TASK DETAILS: Under this line sits a listing. Repeat exactly and only its lines from the one holding "Audi A6 S6 C6" through the one holding "나이키 토탈 90 3 SP 라이트 오어우드 브라운 블랙 상품이미지6"; skip pictures.
[TASK INPUTS]
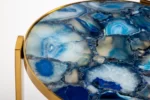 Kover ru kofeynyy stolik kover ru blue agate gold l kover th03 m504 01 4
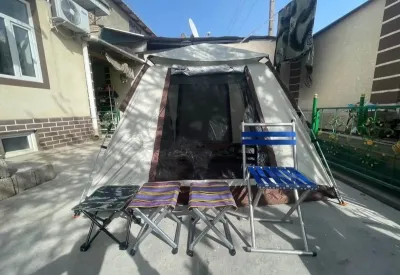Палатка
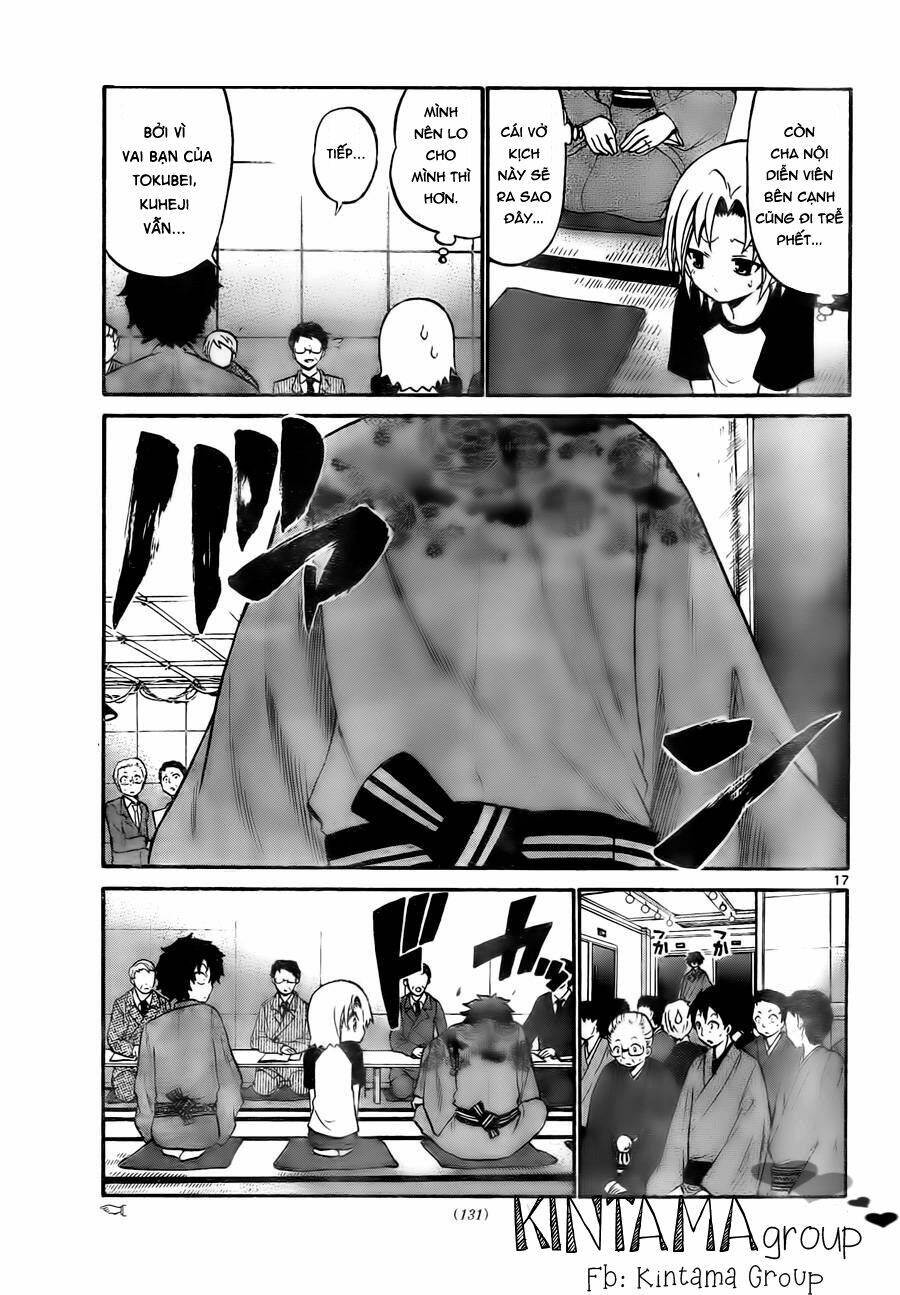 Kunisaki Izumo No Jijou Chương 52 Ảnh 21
[/TASK INPUTS]
[TASK INPUTS]
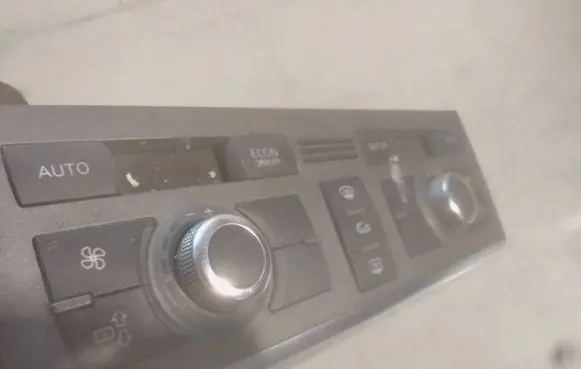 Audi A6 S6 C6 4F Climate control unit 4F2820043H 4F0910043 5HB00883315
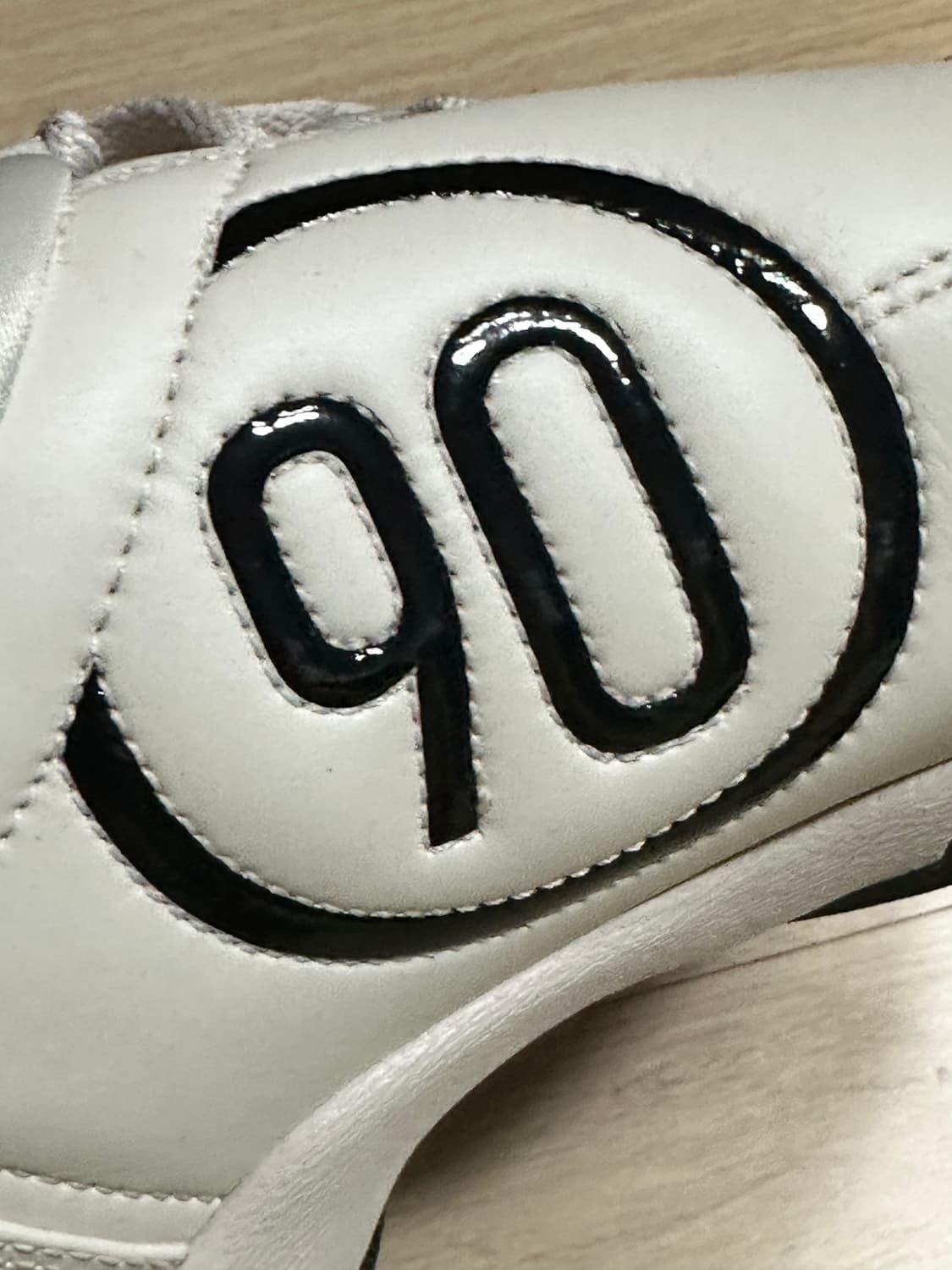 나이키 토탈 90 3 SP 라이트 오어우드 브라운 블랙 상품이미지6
[/TASK INPUTS]
[TASK INPUTS]
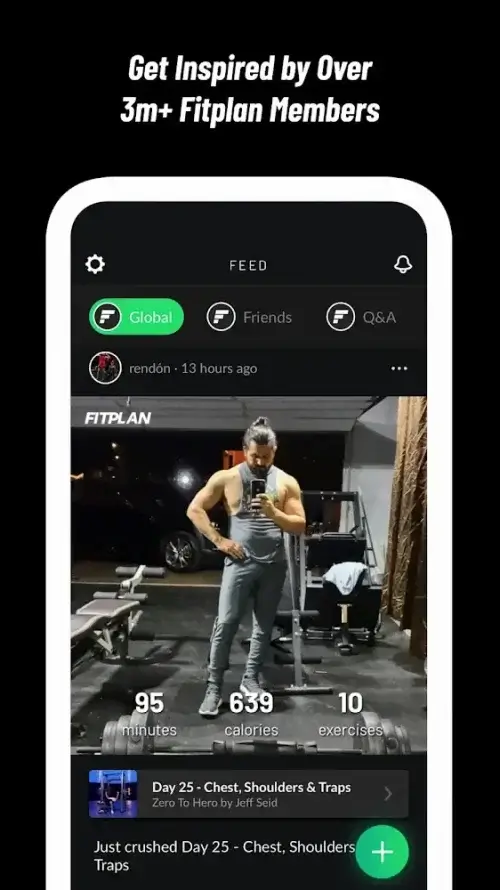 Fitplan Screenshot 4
[/TASK INPUTS]
FINISHED TASK:
 Audi A6 S6 C6 4F Climate control unit 4F2820043H 4F0910043 5HB00883315
 나이키 토탈 90 3 SP 라이트 오어우드 브라운 블랙 상품이미지6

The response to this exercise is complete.